Today I walked through the cemetery of my childhood
of all life stories encapsulated there.
Friends and neighbors
inscribed on theses stones;
A card catalog
of stories one can no longer check out.
Ancestries long buried in dust
some lost in time;
Yet the stones live on
calling for recognition from the living.
Today, as I walked
I remembered friends and neighbors
who shaped my life
with their smiles…
I think to myself
“I’ve got friends in low places…”
I must be getting old!
Photos: Dwight L. Roth
Today at d’Verse, Peter asked us to consider beginnings and endings in poetry. We are looking at how the lines flow and how endings are used to punctuate what we are trying to say. He gave us five things to choose from as we write our poems. I tried to incorporate some of these in my poem today.
how and where to end that line
endings as quotations like The Golden Shovel form – where one poem quotes another
endings and beginnings – verse forms that loop and repeat
Her gray hair that once flowed around her shoulders
Now pulled back tightly held with a stretch band;
There she sat in her wheelchair // her gaunt body fading
Wrapped in her shawl // holding her little doll on her lap.
As I read stories to the group of elderly residents
She sat with her head down // eyes closed as though asleep;
Yet somehow, I knew she is still listening to me.
I finished, and got out my twelve-string ovation guitar;
They enjoyed singing my old classics from the sixties…
A time when we all were young, and words sung told stories.
As I began to sing, “You are my sunshine…” her head began to move
Others joined in letting the song take them to another place and time.
Thought her body remained motionless, her feet now began to move;
Her soft pink slippers began a rhythmic pattern as she relived the days
When she danced, carefree to the music, with the one she loved.
Clutching her dolly, her eyes went from open to closed and open again
She rode the rhythms of each song in her mind, as feet danced
Pushing her wheelchair back to her unit she quietly said to me,
“I really enjoy that.”
It was then I knew I was making a difference!
Photo: Dwight L. Roth
Anmol, at d’Verse, asked us to write a poem that uses description of a person that paints a picture of that person for the reader.

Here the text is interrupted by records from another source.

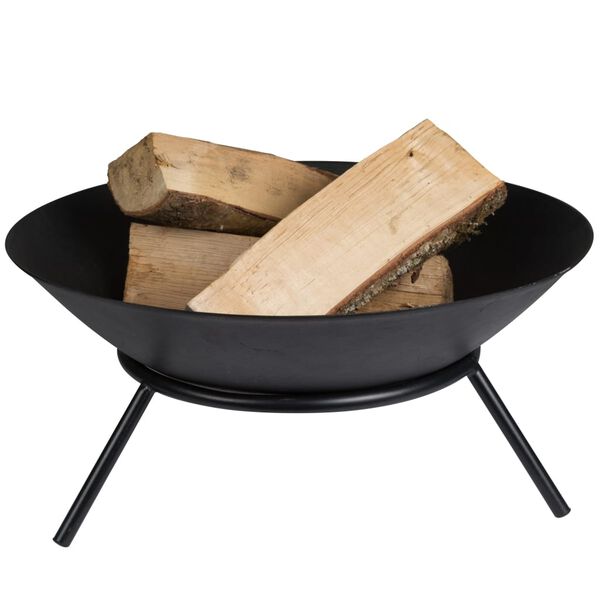 Perel Fire Bowl 56x26cm Black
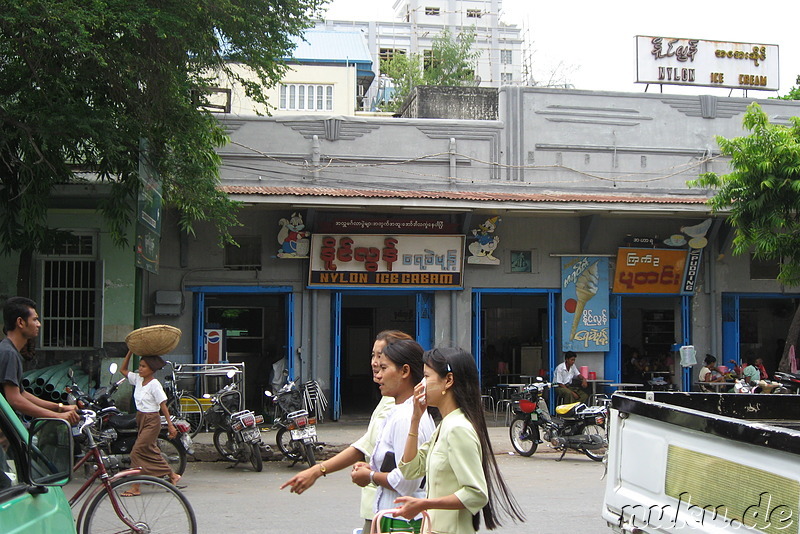 Nylon Ice Cream Bar in Mandalay, Myanmar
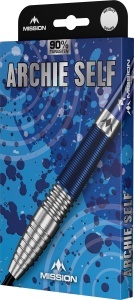 Set 3 Sageti Darts Archie Self - Vârf de Oțel - 90% Tungsten - Albastru și Argintiu - Img 4
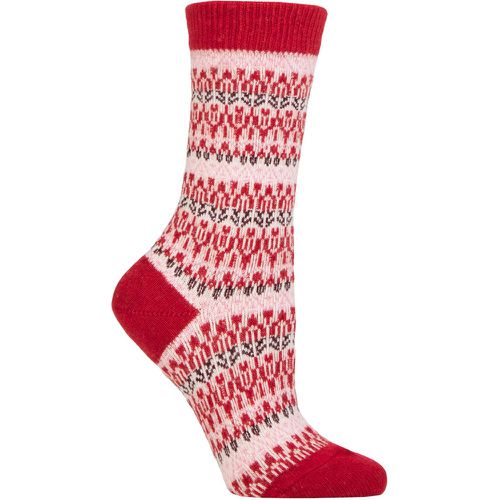 Ladies 1 Pair Falke Christmas Eve Wool Fairisle Socks Scarlette 2.5-5 Ladies - SockShop - Modalova
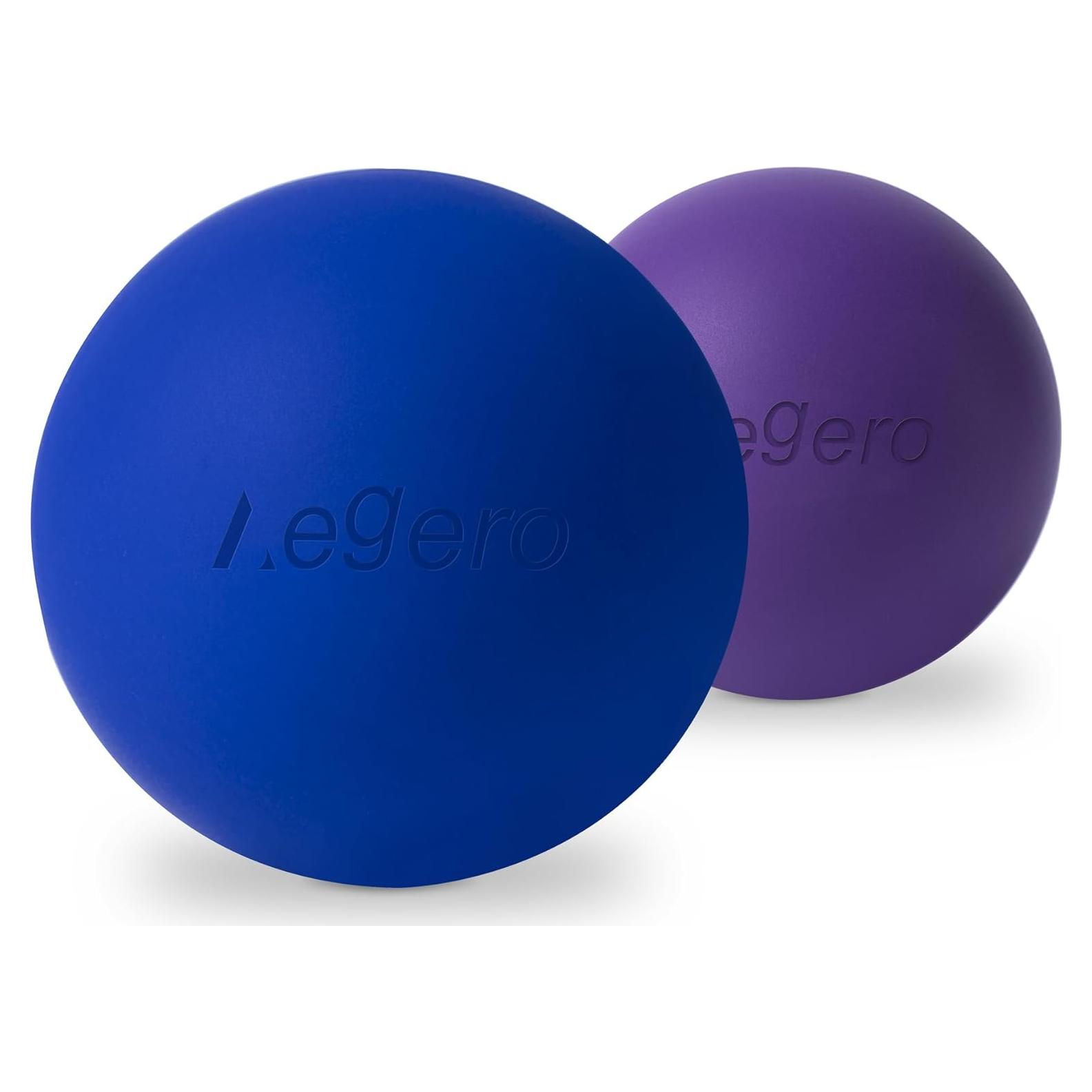 Pelotas de Masaje Aegero 6,35 cm 2Pack Azul y Púrpura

I decided to write about one of the elderly persons who comes to hear my stories and songs at the local nursing home.
Aging rusts the soul
Life scattered like lights and doors
Falling leaves hide rust
Autumn Contemplation shows
Nature reclaims everything
Photo: Marc Andrew
Frank Tassone asked us to consider Autumn Contemplation, as we come to the end of this long hot summer. There are many ways autumn makes us stop and think about life. Nature, aging, and the combination of both remind me I am not invincible. When I was young, aging seemed far off, but now I am in the autumn of my life and realize in time I too will be like the car in the photo above. When gone, I will be remembered in bits and pieces, but soon, those too will fall by the wayside and the leaves of time will cover all. I decided to use this great photo again and write from a little different perspective. I am using it with permission from my nephew, Marc Andrew.
I thought since I turned another year older last week, perhaps it was a good time to remember what growing older entails. There are so many scenarios for growing old that it is too bad we can’t pick and choose our fate. But I guess we are stuck with the roll of the dice. The following are some of the ways old age is catching up with me.
Jokester Old Age moved in
Bringing Rock and Roll bands
Playing shrill heavy metal
Unending concerts in my ears
Or // maybe it’s seventeen-year locust
Emerging just below my gray loam
Springing forth in continual halleluiahs
Attaching themselves to brain stem and canals
In addition // miners of decay
Carve caverns in my bituminous teeth
Great profit for dental barons
Depleting my piggy bank
Old Age seems to have made himself
Right at home pulling painful pranks
Not minding the misery, he is causing
Laughing as I drain my account
You might think ignorance and self-confidence are a strange combination, but when it comes to life, they are sometimes the secret to success. When we are young and invincible, we are ready to try anything. As we get older we are less and less inclined. We are fortunate not to know what the future holds.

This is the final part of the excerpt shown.